Marian Miner Cook
Athenaeum

A distinctive
feature of social and
cultural life at CMC

 

Thu, February 22, 2024
Lunch Program
Jameson Mitrovich '24, Nate Weisberg '24, Ben Lauren PZ '25, panelists
John J. Pitney, Jr., Moderator

Join the Dreier Roundtable for a panel centering the role of student journalism on college campuses. In today’s political and social climate where free speech is under scrutiny, student newspapers play a critical role in amplifying various voices and perspectives across the campuses. In this lunch event moderated by John J. Pitney Jr., Roy P. Crocker Professor of Politics at CMC, we will have Ben Lauren, editor-in-chief of The Student Life, Nate Weisberg, editor-in-chief of the CMC Forum, and Jameson Mitrovich, managing editor of the Claremont Independent, in conversation with one another. Learn about the philosophy of reporting at our campus’s publications, free speech on college campuses, and how we can promote productive and respectful discourse. 

[Lunch served at 12:00 noon for those registered - Panel presentation open to all will begin at 12:25 PM]
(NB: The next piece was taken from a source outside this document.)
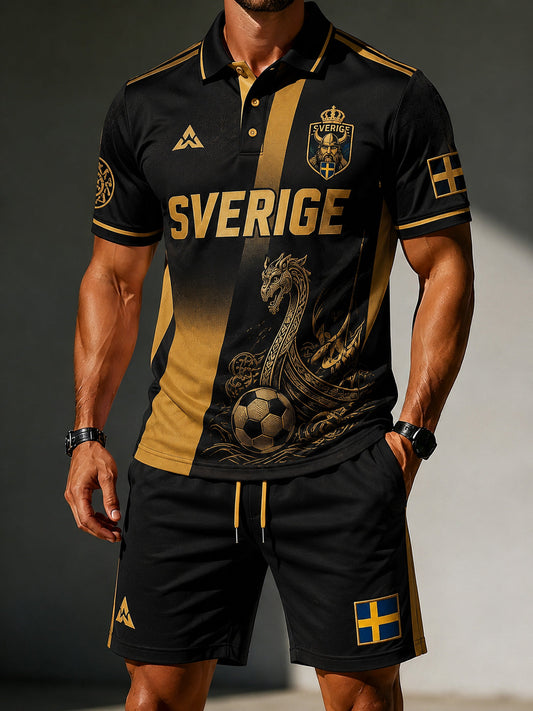 Herresett med polo og kortbukse med fotballmotiv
Read more about the speaker

Jameson Mitrovich '24 is a senior at CMC studying Government. He is the managing editor of the Claremont Independent.

Nate Weisberg '24 is a senior at CMC studying Government and Legal Studies. He is the editor-in-chief of the CMC Forum.

Ben Lauren PZ '25 is a junior at Pitzer College studying English and Media Studies. He is the editor-in-chief of The Student Life.

John J. Pitney Jr., is the Roy P. Crocker Professor of Politics at CMC. Among his extensive list of accomplishments and advisees at CMC, he has been teaching the "Politics of Journalism" course for many years. 

This Athenaeum program is co-sponsored by the Dreier Roundtable at CMC.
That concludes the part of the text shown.